Late each morning I would join her to go over the day’s work. (Happily for me, as it suited my own work patterns, Col was a night owl who preferred to work late into the evening rather than rise to greet the dawn.) Often Shady the cat would join us, sitting in husband Ric’s chair at the head of the table.

Col would then retire to her writing room upstairs – ‘the scriptorium’, a surprisingly small space decorated with dragonfly wallpaper. Everything was handily in reach from her chair – typewriter, telephone, ashtray, reference books, and another large wooden book rest. When needed, she could accomplish prodigious amounts of rewriting and refining overnight.

I would return to my guest suite and continue with my editing and checking of the previous day’s work. We would meet up again in the evenings for dinner.

Col loved cooking (she co-authored a cookbook back in the 1980s, and an entire wall of the Norfolk Island kitchen housed her cookbook collection), but by 2010 Ric was preparing the meals to Col’s specifications. We ate like royalty: chicken à la king, steak with chateaubriand sauce, excellent roast dinners. She gave me some of her recipes, including this for roast chicken: Put bay leaves inside the chicken; salt the skin. That’s it. Roast till ‘the legs wobble’. Don’t bother basting.

Standing on the coastal cliffs of Norfolk, looking out to the limitless horizon, it was impossible not to be aware of the island’s isolation. In winter, the wind could howl though the famous pines at night.

Col was a true polymath. Her training was in science – she specialised in neuroscience and had stints at Royal North Shore Hospital in Sydney, Guy’s Hospital in London, and ultimately at Yale – yet she not only became a bestselling writer, celebrated for the historical research in her Roman books (Macquarie University awarded her a doctorate on the strength of it), she was also an artist. Until her eyesight deteriorated, she did all the maps for her Roman books, and the line drawings of portraits of the central characters; she also did an extraordinary watercolour astrological chart for Angel Puss, complete with a sword-wielding scorpion.

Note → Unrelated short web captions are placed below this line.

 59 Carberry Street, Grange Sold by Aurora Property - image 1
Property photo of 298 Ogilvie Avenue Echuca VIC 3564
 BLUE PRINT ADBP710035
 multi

Col was formidable and had tremendous presence. I remember being beside her once as she simply walked down a corridor; there was something in the way she held herself that made it feel as if I was next to an empress. Yet she was also warm and charismatic. Whenever she came into the office it was an event, and people would crane to get a look at her and find reasons to drop by and say hello. She was rightly proud of her success, but she was unpretentious and never a snob.

After my second visit to Norfolk, we finished the final tweaks to the edit of Bittersweet by phone when I was back in Sydney. When we’d got to the end, she said, ‘Thanks for everything. See you for the next one, darling heart.’

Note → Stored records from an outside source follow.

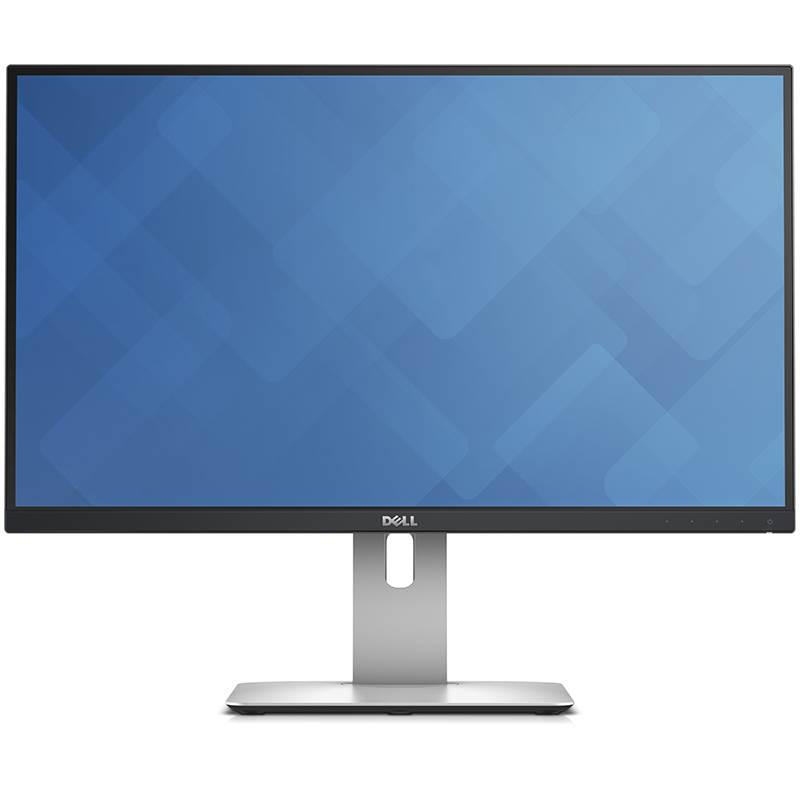 Dell S2415H 24" Full HD IPS LED Monitor with Speakers S2415H Mwave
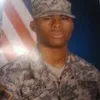 Anthony Harris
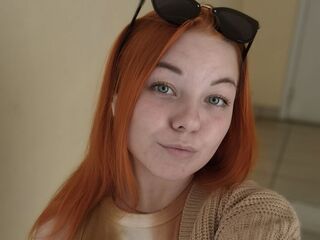 EvelynKellers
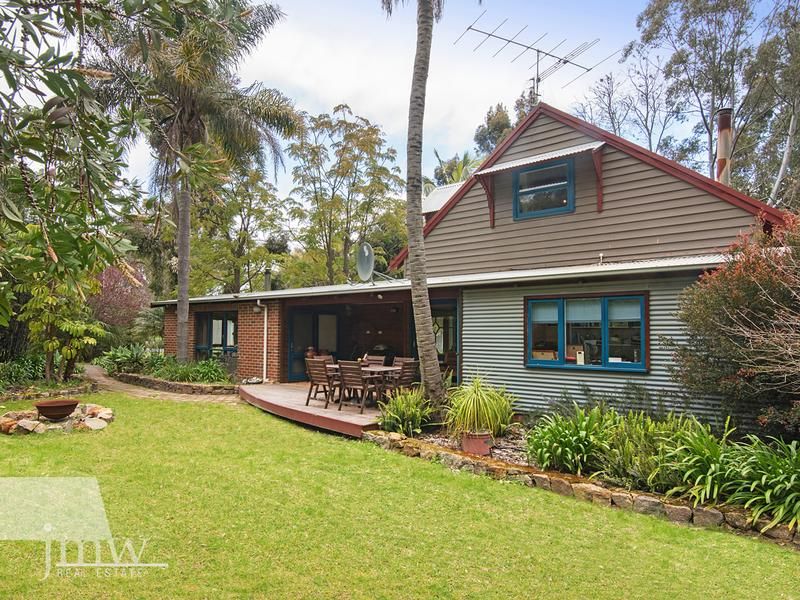 21 Ellen Brook Road, Cowaramup WA 6284, Image 1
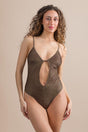 CB7057 LAMINAMARRONE MATINEE 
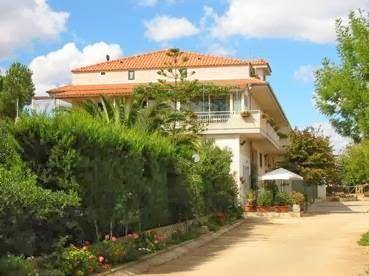 B&b giogaia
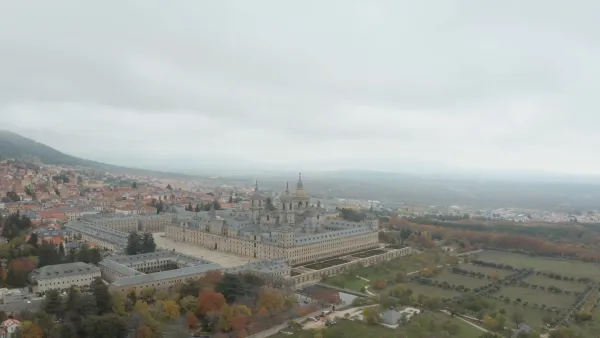 Real Colegio Alfonso Xii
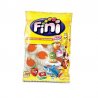 huevos grandes chuches comprar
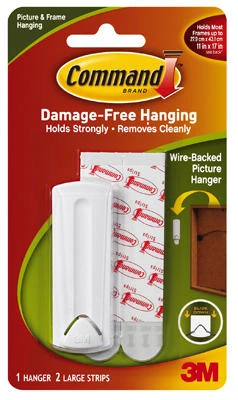 vassartruevalue4669208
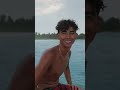 Best Boat Trip Ever?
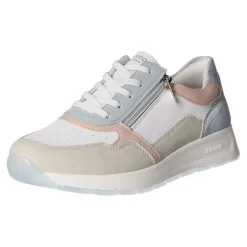 Remonte Schnürhalbschuh mit Mehrweite Freizeit (casual)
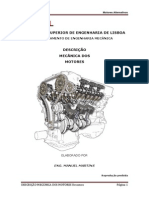 1 - 2 - Descricao Mecanica Dos Motores Rev JMC 13.10.2012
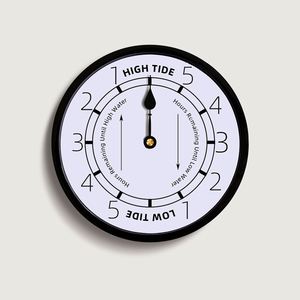 Factory Customized Quartz Analog Art Deco <b>Design</b> <b>Wall</b> <b>Clocks</b> Various Sizes Colors Gift Advertising <b>Clocks</b> - Product Image 2
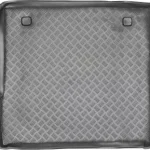 Covoras Tavita portbagaj dedicata Bmw X5 E70 2006-2013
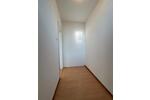 Etagenwohnung Düren Rölsdorf - 2 Zimmer, 80 m&sup2;, 740&euro; | Angebot:24864866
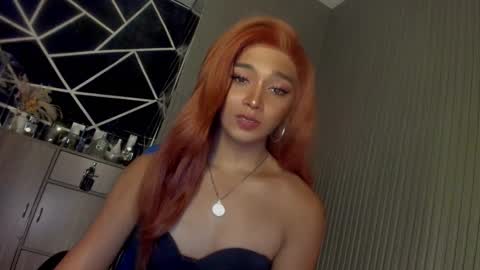 Ms Ella online show from 10, 2, 2025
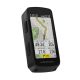 cyklonavigace Hammerhad KAROO GPS
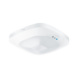 Liiketunnistin CONTROL PRO - LIIKETUNN. HF 360 COM1 360 IP20 UP VA - 1
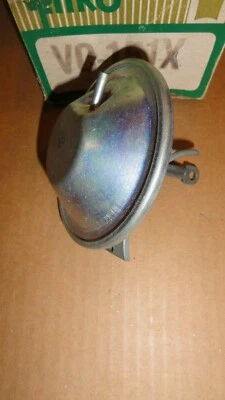 Volkswagen Transporter 1959-63 1960-64 Karmann Ghia distribuidor avance de vacío Foto 1 de 4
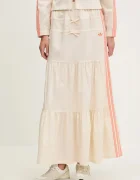 adidas Originals Пола Skirt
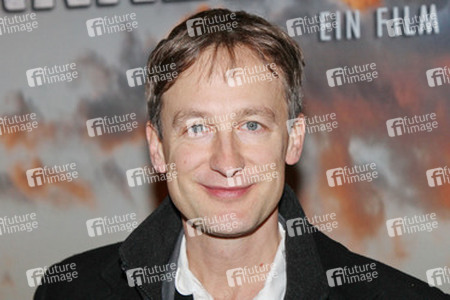 Jan Henrik Stahlberg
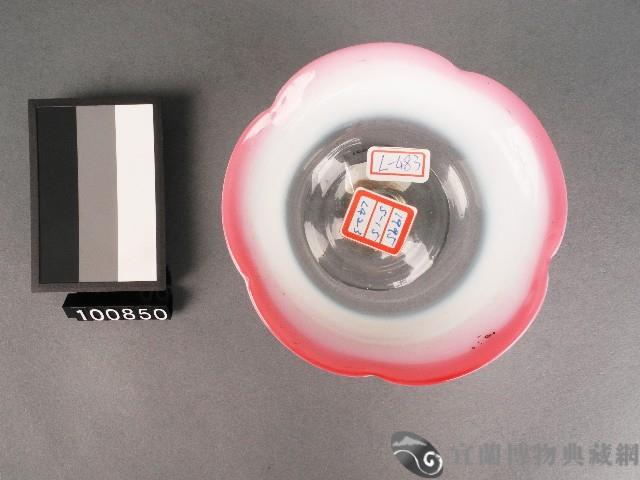 冰杯藏品圖，第2張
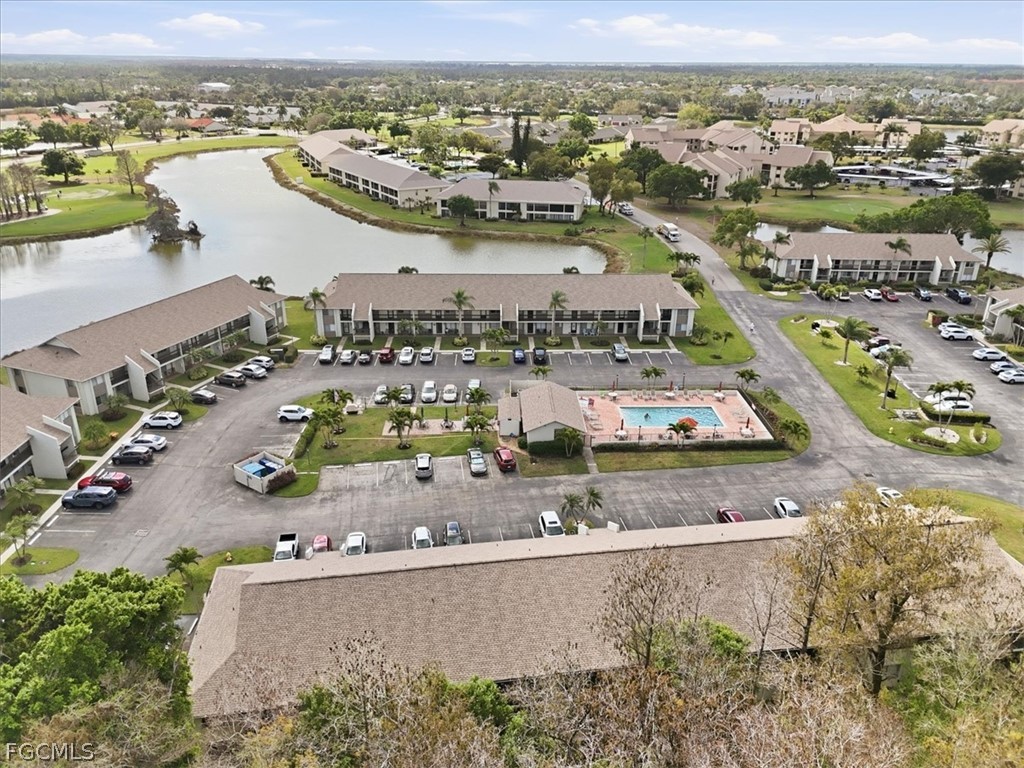 13090 White Marsh Lane #204 Fort Myers FL 33912 2026010957 image11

It’s still difficult to accept there won’t be a next one from this prolific, demanding, straight-talking, generous, hilarious woman. Farewell, Col.

2 Comments

  1. Thank you Linda for that exquisite and perceptive insight into the remarkable woman and writer without peer that was Colleen McCullough. Vale to an extraordinary woman whose name is burned into the literary landscape and whose volumes and work will live on.

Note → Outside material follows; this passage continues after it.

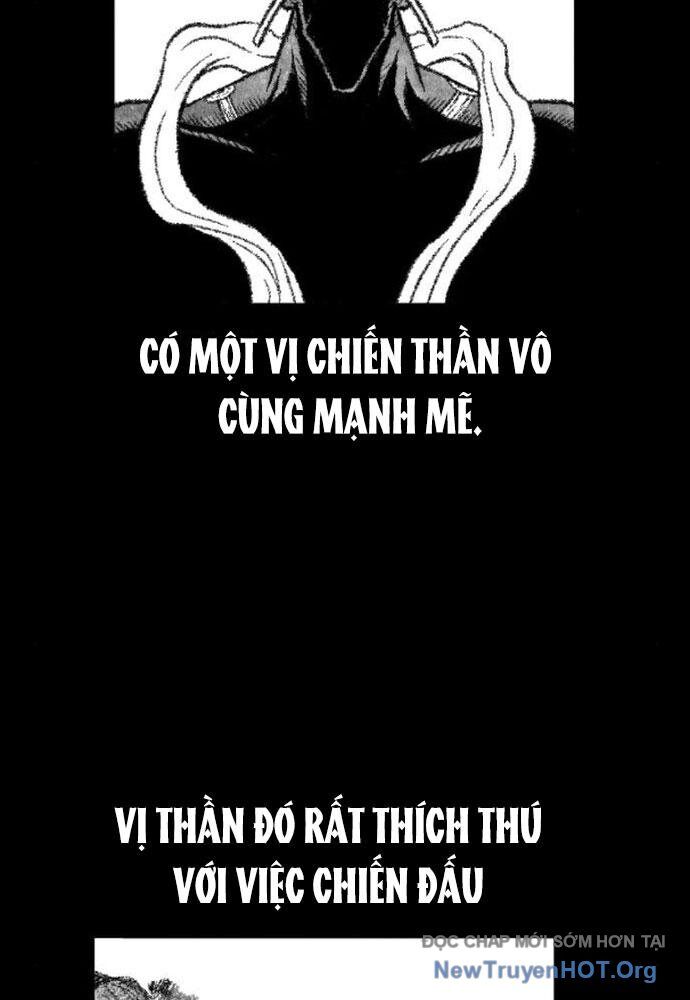 Hắc Sa Chương 48 Ảnh 3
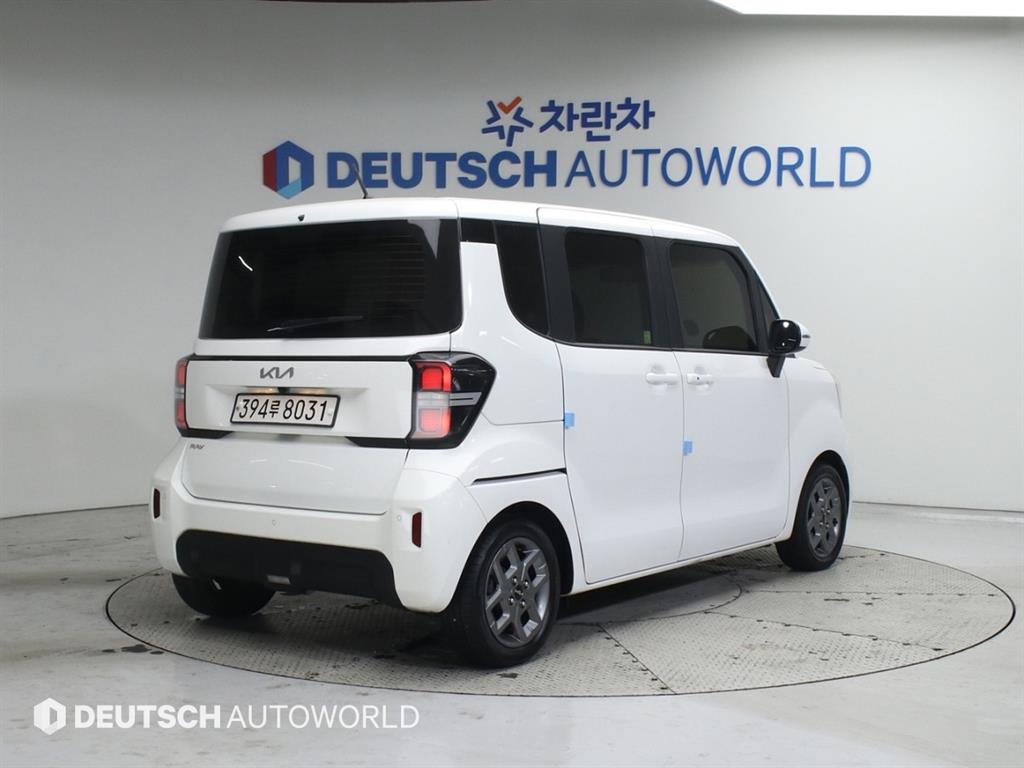 국산차 리스트 차량 이미지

  2. A very insightful picture of Colleen, having only ever seen her in interviews on TV etc. my own impression was how happy she was, never felt she had any inhibitions and her smile, how it lit up her face, the literary world has lost a treasure, but we the readers have not lost anything! because you cannot lose a life of a person so full of love, for humanity and I feel she has put Norfolk well and truly on the map RIP Colleen.